The Buffett Indicator uses the Wilshire 5000 to approximate the total value of the U.S. stock market. The Wilshire 5000 is a rules-based index created in 1974, named for the roughly 5,000 stocks it then contained. Any company headquartered in the United States, traded on a major exchange, and with readily available price data is automatically included. There’s no minimum market cap. Today it holds around 3,400 stocks.
The Buffett Indicator may very well predict the returns of the Wilshire 5000 over long periods of time. Studies suggest it explains a large portion of ten-year return variation.

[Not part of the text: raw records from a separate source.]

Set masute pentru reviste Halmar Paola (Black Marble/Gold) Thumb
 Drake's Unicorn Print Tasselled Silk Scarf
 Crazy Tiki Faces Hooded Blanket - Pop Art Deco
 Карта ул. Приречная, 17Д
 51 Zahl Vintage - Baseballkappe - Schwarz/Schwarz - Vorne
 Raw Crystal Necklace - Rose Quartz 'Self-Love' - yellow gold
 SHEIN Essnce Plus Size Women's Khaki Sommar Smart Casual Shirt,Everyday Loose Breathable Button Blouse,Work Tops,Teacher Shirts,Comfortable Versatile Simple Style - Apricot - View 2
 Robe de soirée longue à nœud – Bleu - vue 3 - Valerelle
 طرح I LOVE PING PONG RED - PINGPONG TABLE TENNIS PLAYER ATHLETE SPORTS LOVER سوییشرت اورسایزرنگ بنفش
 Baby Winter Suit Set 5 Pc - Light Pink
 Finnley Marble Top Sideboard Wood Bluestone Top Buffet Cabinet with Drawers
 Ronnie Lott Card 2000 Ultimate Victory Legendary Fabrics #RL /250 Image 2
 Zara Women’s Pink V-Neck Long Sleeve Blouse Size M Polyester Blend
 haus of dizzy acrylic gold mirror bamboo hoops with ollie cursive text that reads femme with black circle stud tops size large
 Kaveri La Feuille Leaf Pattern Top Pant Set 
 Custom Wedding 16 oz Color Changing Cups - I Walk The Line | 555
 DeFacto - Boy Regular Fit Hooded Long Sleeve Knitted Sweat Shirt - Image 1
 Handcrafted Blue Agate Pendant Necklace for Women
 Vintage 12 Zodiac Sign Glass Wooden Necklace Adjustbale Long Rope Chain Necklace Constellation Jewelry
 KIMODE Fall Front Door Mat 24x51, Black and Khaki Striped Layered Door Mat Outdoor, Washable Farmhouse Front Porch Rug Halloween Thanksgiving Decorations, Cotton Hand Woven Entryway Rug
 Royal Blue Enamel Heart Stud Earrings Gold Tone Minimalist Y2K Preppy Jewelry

But Buffett doesn’t recommend that you buy the Wilshire 5000. He recommends that you buy an S&P 500 index fund—a different index of 500 large companies.
The Buffett Indicator is not an S&P 500 indicator. It is a Wilshire 5000 (as a general stock market approximation) indicator.
The Buffett Indicator measures one thing. His advice tells you to buy something else.
Summary
The Buffett Indicator is not used by Buffett for his own purchases, nor does he recommend that individuals use it to decide when to buy S&P 500 index funds.
It’s a curiosity for him is the best way I can describe it. If he looks at the broad market as measured by the Wilshire 5000, his formula is a good overall predictor of valuation. But he does not use any market indicators to decide when to buy stocks, nor does he recommend that the general public use them that way either.